══ SUPPLIED ENTRIES
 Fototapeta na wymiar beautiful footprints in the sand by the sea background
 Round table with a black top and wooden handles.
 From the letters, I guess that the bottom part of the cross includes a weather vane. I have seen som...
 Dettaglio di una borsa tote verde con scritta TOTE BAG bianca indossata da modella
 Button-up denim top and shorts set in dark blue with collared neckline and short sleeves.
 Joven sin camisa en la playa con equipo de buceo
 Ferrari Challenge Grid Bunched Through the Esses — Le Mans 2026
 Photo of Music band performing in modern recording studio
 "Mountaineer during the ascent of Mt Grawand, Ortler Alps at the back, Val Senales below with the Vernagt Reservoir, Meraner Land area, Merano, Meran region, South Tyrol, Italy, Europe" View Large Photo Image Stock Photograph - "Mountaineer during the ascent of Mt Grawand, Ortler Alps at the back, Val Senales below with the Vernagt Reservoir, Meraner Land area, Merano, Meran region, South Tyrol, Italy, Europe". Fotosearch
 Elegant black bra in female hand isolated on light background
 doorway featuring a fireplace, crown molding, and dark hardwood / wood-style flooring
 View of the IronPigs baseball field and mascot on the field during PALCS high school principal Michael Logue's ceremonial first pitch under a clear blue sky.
════
WHAT IS NEEDED - Gather each line in these records that contains the string "blue".

EXERCISE RESULT -
 Button-up denim top and shorts set in dark blue with collared neckline and short sleeves.
 View of the IronPigs baseball field and mascot on the field during PALCS high school principal Michael Logue's ceremonial first pitch under a clear blue sky.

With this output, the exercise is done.